ASSIGNED TASK –
Could you retype only the lines from the one containing "Un Blue Jay" through the final line of the entries, both included, skipping any images?

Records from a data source

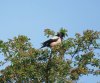 Rosy Starling.JPG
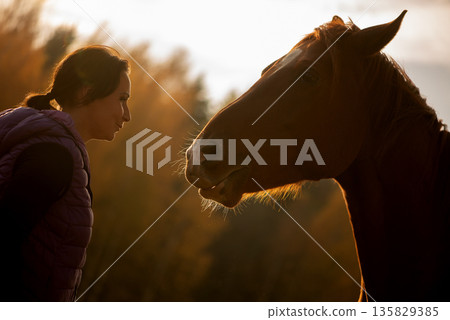 Calm Eye Contact Between Woman And Horse At Dusk Calm Eye Contact Between Woman And Horse At Dusk 135829385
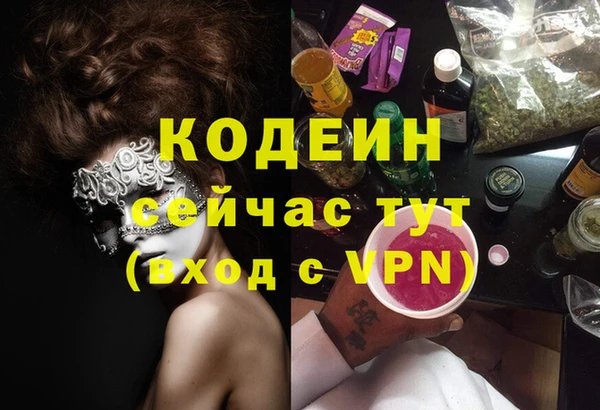 твердый Володарск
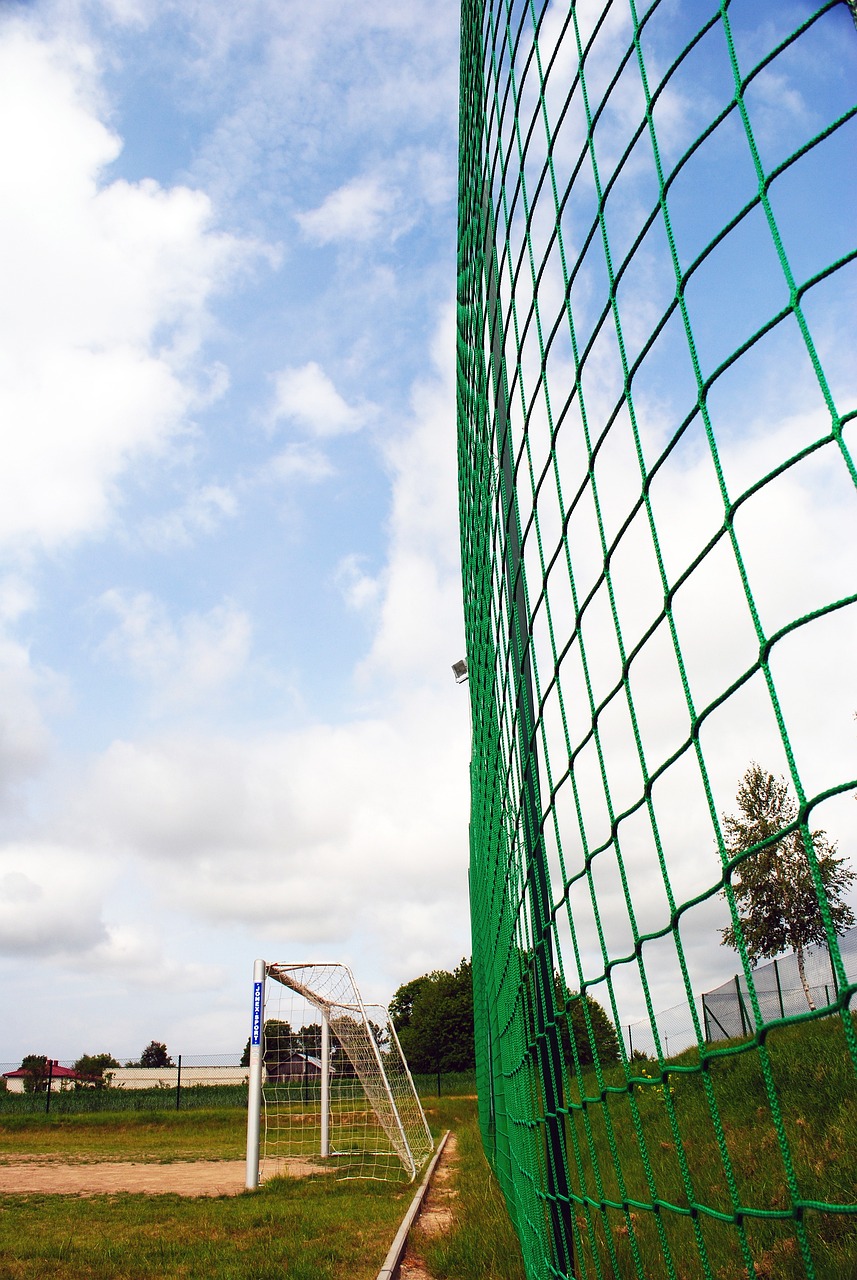 权谋游戏正 权谋游戏正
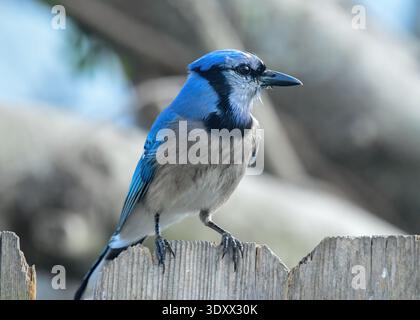 Un Blue Jay perché sur une clôture Banque D'Images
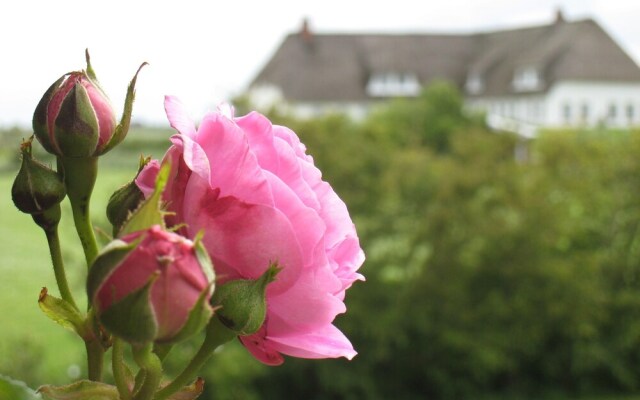 Ferienwohnung-Meeresleuchten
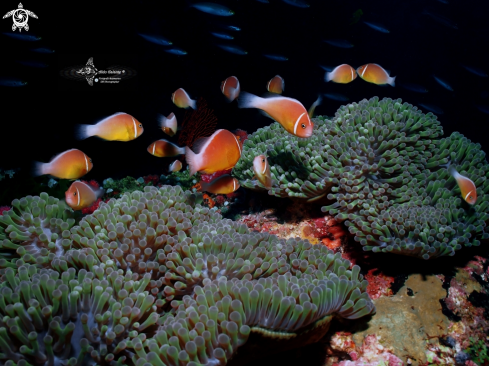 A Pink Anemonefish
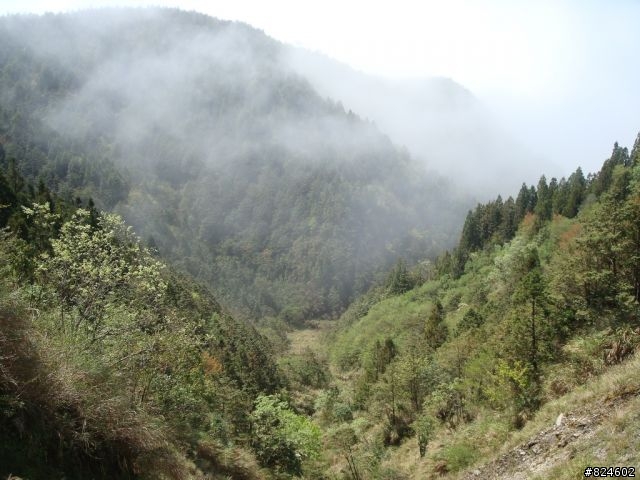 土場、太平山、翠峰湖鐵人三項遊記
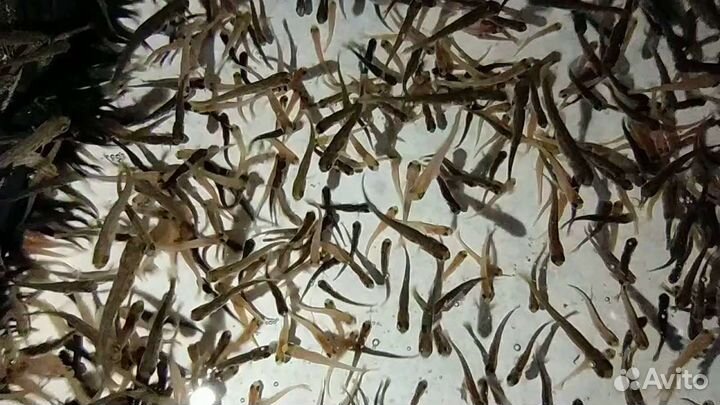 Форель малёк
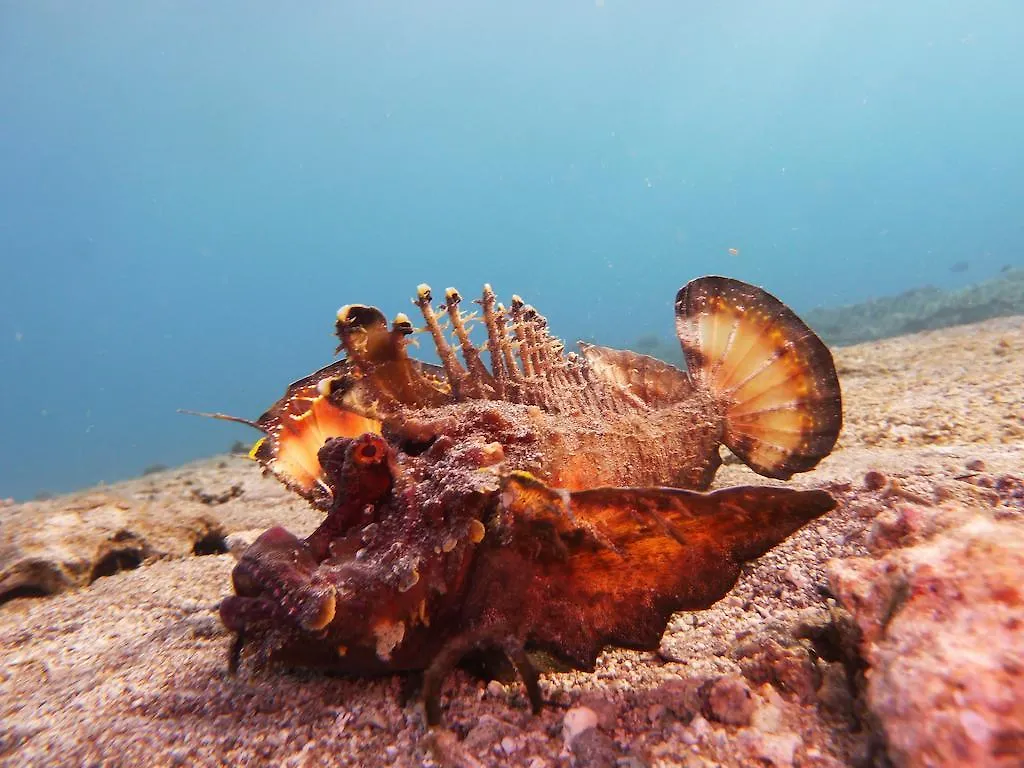 ***  Arab Divers Dive Center And Bed & Breakfast Aqaba Jordanie
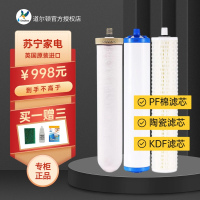 道尔顿(Doulton)DIP301/DCP203专用滤芯套装 M12 KDF PF家用净水器滤芯 DIP301-滤芯套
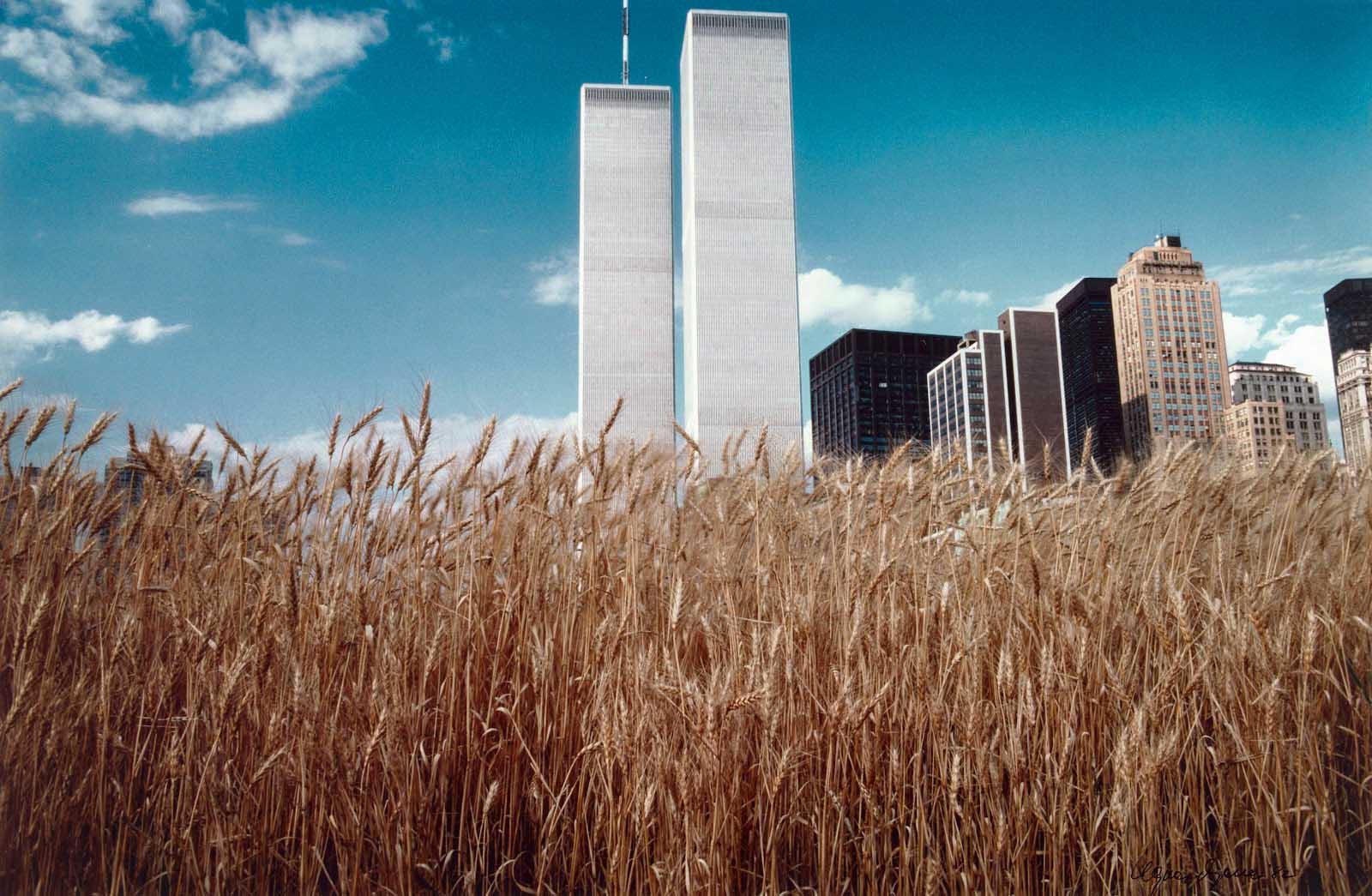 A wheat field in the middle of Manhattan, 1982.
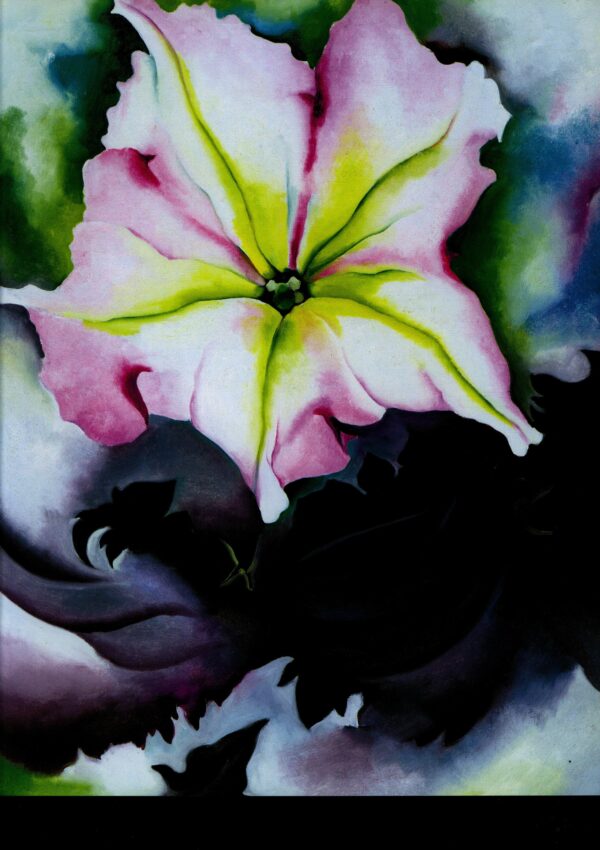 Georgia O'Keeffe print 1924 "Petunia & Coleus" Original vintage art book page - Image 2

RESULT OF THIS TASK –
 Un Blue Jay perché sur une clôture Banque D'Images
 Ferienwohnung-Meeresleuchten
 A Pink Anemonefish
 土場、太平山、翠峰湖鐵人三項遊記
 Форель малёк
 ***  Arab Divers Dive Center And Bed & Breakfast Aqaba Jordanie
 道尔顿(Doulton)DIP301/DCP203专用滤芯套装 M12 KDF PF家用净水器滤芯 DIP301-滤芯套
 A wheat field in the middle of Manhattan, 1982.
 Georgia O'Keeffe print 1924 "Petunia & Coleus" Original vintage art book page - Image 2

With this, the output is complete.